An FNM Senator yesterday said Wall Street’s latest outlook downgrade for the Bahamian economy was “not inevitable”, and could have been prevented if the Christie administration had taken proactive action to tackle this nation’s fiscal crisis.

Zhivargo Laing, minister of state for finance in the former FNM administration, said the Government had fallen into “a fiscal trap” by running up the 2011-2012 Budget deficit to $504 million, then exceeding it with $550 million worth of projected red ink for the current fiscal year.

Noting that this effectively committed the Government to borrowing more than $1 billion over two years, Mr Laing said the Christie administration was “saying to the world: ‘We don’t care about our fiscal deficit’.”

Given the message that was being sent, Mr Laing told Tribune Business it was not surprising that Standard & Poor’s (S&P) cut the economic outlook for the Bahamas from ‘stable’ to ‘negative’.
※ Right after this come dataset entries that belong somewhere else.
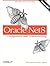 Oracle Net8 Configuration and Troubleshooting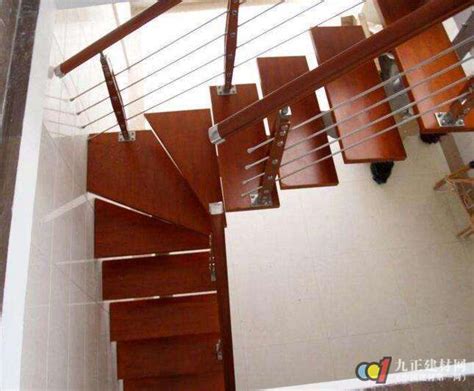 关于楼梯的设计与计算方法 - 结构设计知识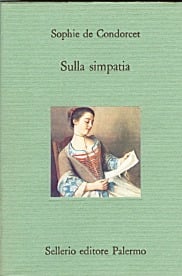 Sulla simpatia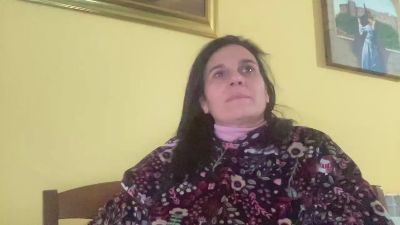 martinabigst — вебкам-модель онлайн на cam4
“No, not in light of the actions of the Government since coming to office, no,” was Mr Laing’s response, when asked by Tribune Business whether the latest S&P action was unexpected.

But he then added: “I don’t believe that this was inevitable. It could have been staved off by different actions on the part of the administration./

“If they were serious about the criticism that they so boisterously levelled at us prior to coming to office, one would have expected their actions would demonstrate a different approach to fiscal policy than ourselves, so one could see action was being taken to trend the country’s fiscal circumstances in a different direction. But that did not happen.”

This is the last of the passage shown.